Publié le 19 novembre 2021

C’est dans les locaux de la CCISM qu’Hommes de Polynésie rencontre Anthony, homme d’innovation et de création. Il nous présente son projet Notypost, son parcours et son aboutissement.
Entrons au cœur de sa création, une invitation au renouveau, un éclat dans le commerce polynésien. Asseyons-nous sur les fauteuils de l’évolution et hissons la voile de ses idées pour naviguer dans son univers. 

Sa traversée dans le e-commerce

Étudiant diplômé d’une école de commerce et du MBA de Stockholm, Anthony sillonne l’Asie grâce à sa profession, entre industrie pharmaceutique et cosmétique.

« C’était à un moment clé de l’époque lorsque je me suis intéressé au e-commerce. »

Rentré en France pour son activité de conseil en import-export, une opportunité s’offre à la petite famille de s’installer en Polynésie, et en 2018 c’est le début d’une grande aventure.

La naissance d’un projet : « tahiti-deal »

Progressivement, Anthony apprend et s’adapte à cette nouvelle vie et découvre les boîtes postales.

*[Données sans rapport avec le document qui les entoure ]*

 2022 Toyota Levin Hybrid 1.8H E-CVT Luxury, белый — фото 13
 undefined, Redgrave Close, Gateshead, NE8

De là, une idée brute émerge de son esprit.

« Je me suis rendu compte qu’il n’y avait rien pour me dire s’il y avait quelque chose dans ma boîte. On se déplace sans être sûr. »

Les premières esquisses dessinées sont proposées à PRISM, incubateur de projet de la CCISM. Son travail retenu, 2020 devient une période d’explorations et d’essais.

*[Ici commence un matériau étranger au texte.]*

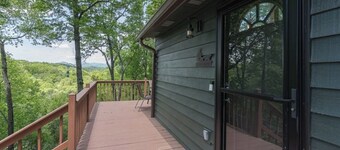 Mountain Retreat with Long range Views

« J’ai fait une étude de faisabilité et PRISM m’a beaucoup apporté pour me mettre en contact avec les bonnes personnes. J’ai travaillé en collaboration avec Fare Rata et j’ai pu partager avec eux.»

L’étude dénote des points qui ne permettent pas la pérennité de son innovation. Cependant, le cœur du projet perdure et se transforme : il se spécialise dans les colis plutôt que dans le courrier pour faciliter les livraisons sur Tahiti. 

« J’accompagne et suis partenaire d’une nouvelle plateforme qui vient de sortir : tahiti-deal.com. »

L’objectif étant de pouvoir acheter des produits expédiés depuis la France avec des frais de livraison attractifs. Permettant ainsi au Polynésien, s’il ne le trouve pas sur le marché local, de facilement commander et d’être livré ici.

« Les produits viennent de France car nous avons une liaison privilégiée sur l’aérien. »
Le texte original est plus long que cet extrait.